- WHAT TO WORK ON
Use the entries below and reproduce exactly the lines from the one containing "Whale طوابع حروف" down to the one containing "Ambesonne Amsterdam Pillow", both of them included.
(Beginning of LISTED ENTRIES)
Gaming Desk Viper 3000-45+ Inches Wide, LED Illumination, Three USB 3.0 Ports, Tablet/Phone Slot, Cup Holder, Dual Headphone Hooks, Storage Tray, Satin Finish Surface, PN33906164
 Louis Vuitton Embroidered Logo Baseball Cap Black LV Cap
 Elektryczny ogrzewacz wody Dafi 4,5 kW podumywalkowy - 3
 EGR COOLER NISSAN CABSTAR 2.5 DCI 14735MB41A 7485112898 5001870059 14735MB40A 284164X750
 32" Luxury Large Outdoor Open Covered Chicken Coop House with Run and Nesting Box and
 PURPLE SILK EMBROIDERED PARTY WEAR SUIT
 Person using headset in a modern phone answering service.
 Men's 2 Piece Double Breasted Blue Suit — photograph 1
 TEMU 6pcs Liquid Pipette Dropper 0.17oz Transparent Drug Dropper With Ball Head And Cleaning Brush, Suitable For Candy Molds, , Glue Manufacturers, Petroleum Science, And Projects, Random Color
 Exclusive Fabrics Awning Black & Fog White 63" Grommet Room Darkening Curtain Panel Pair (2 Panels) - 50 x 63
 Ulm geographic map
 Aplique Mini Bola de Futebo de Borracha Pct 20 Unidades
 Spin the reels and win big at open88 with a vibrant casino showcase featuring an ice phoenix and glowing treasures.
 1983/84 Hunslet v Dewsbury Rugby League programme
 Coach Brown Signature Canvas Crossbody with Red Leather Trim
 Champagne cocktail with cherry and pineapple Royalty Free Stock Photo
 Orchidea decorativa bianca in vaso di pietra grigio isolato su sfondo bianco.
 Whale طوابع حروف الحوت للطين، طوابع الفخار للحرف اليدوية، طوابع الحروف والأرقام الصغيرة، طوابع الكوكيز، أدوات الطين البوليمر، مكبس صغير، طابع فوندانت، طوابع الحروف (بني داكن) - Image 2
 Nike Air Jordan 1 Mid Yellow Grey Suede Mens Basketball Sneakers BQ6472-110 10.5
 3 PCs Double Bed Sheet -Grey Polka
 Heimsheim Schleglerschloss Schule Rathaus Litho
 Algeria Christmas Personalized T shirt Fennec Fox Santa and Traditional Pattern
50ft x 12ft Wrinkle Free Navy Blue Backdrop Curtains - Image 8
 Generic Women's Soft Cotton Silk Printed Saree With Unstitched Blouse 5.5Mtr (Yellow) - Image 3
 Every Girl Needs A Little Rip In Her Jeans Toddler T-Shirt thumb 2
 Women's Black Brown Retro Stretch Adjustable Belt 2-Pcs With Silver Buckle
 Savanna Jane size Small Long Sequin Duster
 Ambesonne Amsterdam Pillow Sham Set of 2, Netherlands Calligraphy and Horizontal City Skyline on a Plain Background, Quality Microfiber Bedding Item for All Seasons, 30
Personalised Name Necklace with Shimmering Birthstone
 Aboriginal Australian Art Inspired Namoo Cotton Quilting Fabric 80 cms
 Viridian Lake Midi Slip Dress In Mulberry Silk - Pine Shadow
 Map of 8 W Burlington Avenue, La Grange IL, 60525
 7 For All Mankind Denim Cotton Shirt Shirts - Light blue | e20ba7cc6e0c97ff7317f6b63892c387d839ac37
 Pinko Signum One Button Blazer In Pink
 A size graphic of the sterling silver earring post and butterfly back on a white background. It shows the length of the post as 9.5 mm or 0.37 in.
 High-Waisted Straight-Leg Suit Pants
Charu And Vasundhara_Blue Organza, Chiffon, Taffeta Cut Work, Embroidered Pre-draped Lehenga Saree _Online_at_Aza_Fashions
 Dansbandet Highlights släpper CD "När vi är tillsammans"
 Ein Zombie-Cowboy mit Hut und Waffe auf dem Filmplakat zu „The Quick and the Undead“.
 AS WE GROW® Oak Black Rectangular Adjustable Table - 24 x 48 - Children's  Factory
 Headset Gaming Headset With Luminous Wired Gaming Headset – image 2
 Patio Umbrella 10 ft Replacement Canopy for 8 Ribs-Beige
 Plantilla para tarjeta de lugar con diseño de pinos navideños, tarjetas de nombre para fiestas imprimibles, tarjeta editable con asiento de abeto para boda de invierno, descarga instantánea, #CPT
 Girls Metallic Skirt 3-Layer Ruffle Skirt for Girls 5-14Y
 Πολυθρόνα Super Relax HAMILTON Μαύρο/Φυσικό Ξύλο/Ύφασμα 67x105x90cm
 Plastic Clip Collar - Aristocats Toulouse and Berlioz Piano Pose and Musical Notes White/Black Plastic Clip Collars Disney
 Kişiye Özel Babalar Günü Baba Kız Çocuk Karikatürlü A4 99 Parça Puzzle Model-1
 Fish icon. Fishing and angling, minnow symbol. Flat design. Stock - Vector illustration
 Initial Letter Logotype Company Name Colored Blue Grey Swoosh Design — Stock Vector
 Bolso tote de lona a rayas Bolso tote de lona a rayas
(End of LISTED ENTRIES)
- SOLUTION TO THIS TASK
 Whale طوابع حروف الحوت للطين، طوابع الفخار للحرف اليدوية، طوابع الحروف والأرقام الصغيرة، طوابع الكوكيز، أدوات الطين البوليمر، مكبس صغير، طابع فوندانت، طوابع الحروف (بني داكن) - Image 2
 Nike Air Jordan 1 Mid Yellow Grey Suede Mens Basketball Sneakers BQ6472-110 10.5
 3 PCs Double Bed Sheet -Grey Polka
 Heimsheim Schleglerschloss Schule Rathaus Litho
 Algeria Christmas Personalized T shirt Fennec Fox Santa and Traditional Pattern
50ft x 12ft Wrinkle Free Navy Blue Backdrop Curtains - Image 8
 Generic Women's Soft Cotton Silk Printed Saree With Unstitched Blouse 5.5Mtr (Yellow) - Image 3
 Every Girl Needs A Little Rip In Her Jeans Toddler T-Shirt thumb 2
 Women's Black Brown Retro Stretch Adjustable Belt 2-Pcs With Silver Buckle
 Savanna Jane size Small Long Sequin Duster
 Ambesonne Amsterdam Pillow Sham Set of 2, Netherlands Calligraphy and Horizontal City Skyline on a Plain Background, Quality Microfiber Bedding Item for All Seasons, 30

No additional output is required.